From a visual standpoint, Neo Contra is a decent looking title that offers smooth animation and decent environments. While most of the game takes place in a top-down perspective, there are some areas where the basic perspective changes, giving Neo Contra some visual variety. For the most part, the game's approach works well, with the fixed camera allowing you to concentrate and the action, not the camera angle. However, there are certain points where your view is blocked by large overhead objects, making it hard to avoid enemies and shots. While the cinematic cut-scenes are a little bit weird, they are nicely done and entertaining, moving the story along effectively. The in-game music soundtrack offers a decent mix of hard rock and techno and offers an excellent compliment to the action. Neo Contra looks decent with above-average production values that for the most part are successful at bringing the series into 3D without hurting the games' basic, intrinsic appeal.

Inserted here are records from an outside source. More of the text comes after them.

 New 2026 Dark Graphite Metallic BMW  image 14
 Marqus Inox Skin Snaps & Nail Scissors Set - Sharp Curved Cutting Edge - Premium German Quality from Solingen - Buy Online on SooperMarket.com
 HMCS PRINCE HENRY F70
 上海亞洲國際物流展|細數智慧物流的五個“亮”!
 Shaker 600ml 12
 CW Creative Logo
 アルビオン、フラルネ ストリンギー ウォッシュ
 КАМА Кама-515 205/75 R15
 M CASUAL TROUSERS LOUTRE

Neo Contra is an entertaining and challenging title that will please fans of the series, though it isn't without some significant flaws. The limited number of levels is annoying, but the challenge comes in replaying levels to increase your ranking. This increases the game's replay value somewhat. The challenge increases even more after you blow through the training levels and play the more difficult expert settings where extra lives and continues are rare. Neo Contra's fast, frenetic gameplay is fun and makes a pleasant throwback to the classic ethos where skill and technique mattered most. While the old school approach is great, Contra purists may not be as pleased by Neo's isometric perspective. It isn't as effective as Contra: Shattered Soldier's more traditional 2D approach, but the game still looks solid and plays well. The controls are decent for the most part, though the firing system needed some work but improved once you become accustomed to its quirks. Even though Neo Contra doesn't quite live up to the level of old-school excellence of Shattered Soldier, it's still a decent and challenging title. The game's lack of replay value is addressed somewhat by the ranking system, but more and longer levels would have gone a long way. As it stands, this is a decent sequel that should please hardcore fans of the series but probably isn't the best introduction to the series for casual gamers.